Today's Front grizzlies may have some of the same genes as the huge prairie bears that explorers Lewis and Clark ran into — and from — when they passed through the area more than 200 years ago.

Checking whether big bear No. 1 and big bear No. 2 are father and son normally would be as simple as comparing DNA from hairs."

Yeah, I'm a Grizz aficianado who'd someday like to bring home one helluva rug.The picture of the bear and the treed man comes from the adventures of Lewis & Clark:

Lewis records: ". . .and with his clubbed musquet he struck the bear over the head and cut him with the guard of the gun and broke off the breech, the bear stunned with the stroke fell to his ground. . .this gave (Hugh) McNeal time to climb a willow tree."

Shame that the expedition didn't bring along any tranquilizing guns. Guess they didn't expect to meet up with old Grizz. Then again, such men that could knock down a bear probably didn't anything so fancy.

So how big were those early Grizzlies?

Private Joseph Whitehouse:


... at 5 oC. we Saw a verry large brown bear on the hills on S. S. Six men went from the cannoes to kill him they fired at him and only wounded him he took after them and chased 2 men in to a cannoe. they Shoved off in the River and fired at him Some of the men on Shore wounded him worse he then chased one man down a Steep bank in to the River and was near gitting hold of him, but he kept up Stream So that the bear could not git up to him. one of the men on Shore Shot the bear in the head, which killed him dead after having nine balls Shot in him. we got him to Shore and butchered him. his feet was nine Inches across the ball, and 13 in length, ... his nales was Seven Inches long &c. ...

Meriwether Lewis:

“The Indians may well fear this animal, equipped as they generally are with their bows and arrows or indifferent fusees, but in the hands of a skilled rifleman, they are by no means as formidable and dangersous as they have been represented.”

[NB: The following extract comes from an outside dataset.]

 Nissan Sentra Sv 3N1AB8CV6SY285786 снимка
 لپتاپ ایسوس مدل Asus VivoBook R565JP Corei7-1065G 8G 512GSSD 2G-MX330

Dangerous enough. Especially when one is shooting ball ammo.

The Greatest Hunt Ever?

"The men took to hunting the bears in squadrons. Several crew members would stalk a bear together. Half would take aim and shoot, while the others held fire. A second volley followed, while the first gunners reloaded. They found that only a lucky shot to the brain could reliably kill a grizzly."

Reliably meaning quickly. Any animal shot multiple times through the lung(s) will eventually die, but with Grizzlies that could meaning the hunter expiring before the hunted. Curious how not one of the explorers was even wounded by a bear, and they saw over 100 of them.